The other day I watched as LeBron James, an 18 year old high school graduate, was drafted as the first pick in the NBA draft. As those who have followed this story may note this young phenom has already made millions in a playing contract and endorsement deals. The flip side is that this child already
has an expensive entourage, frivilous taste (a $50,000 Humvee, massive debts, etc.), and something of a remorseless notion of his own indestructability. While I am sure King James will find success in his professional career I am concerned about the consequences that may befall this young man's emotional well being. (Witness the continuing downfall of 2000 high school phenom Kuwame Brown (sp?))
The point is that professional sports team are jumping into contracts that exploit young players. Tickets get sold, money gets made, and no care is taken to protect these talanted but immature young players. Few talanted young players attend college, fewer complete their degrees, and only a small handful obtain a meaningful education.
Why not drop the pretense and allow these players to attend college, make a sizable though reasonable salary, and persue training specific to their planned profession. Of course semi-pro (trainer) leagues will never work because US college sports are big business that can not bear the competition, but why try to fit squares pegs into round molds.
Do away with traditional student athletics. Allow colleges to run the semi-pro leagues. Seperate college athletics from college. Don't make these young players conform to traditional academic requirements, and give up on the NCAA's unrealistic notions of amateur status. Pay them a set (and standarized) salary that will provide a sufficient incentive to forgo the massive pay day of going pro, ie. $50,000 for "starting players", $30,000 for "support players", etc. Require schools to provide insurance that will compensate atheletes with career ending injuries. Prohibit the pros from drafting of players who have not completed a required "training term" of four years.

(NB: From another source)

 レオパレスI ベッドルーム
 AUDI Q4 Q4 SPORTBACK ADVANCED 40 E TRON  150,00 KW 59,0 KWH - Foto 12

Students would play while taking specialized classes in sport skills, money management, contract negotiation, and professional ethics. True some players will complete the program only to not be drafted, but hey I got a BFA in Theatre and now I am a lawyer. There are as many professioanl athletes as their are professional actors, writers, or artist, and I have noted no paternalistic protection of a young artist ability to persue what is likely to be a useless degree in Art History.
Through this program we would get professional millionaires with an ability to manage their resources, develop and maintain their skills, protect their athletic and personal assets, and maintain their personal identity.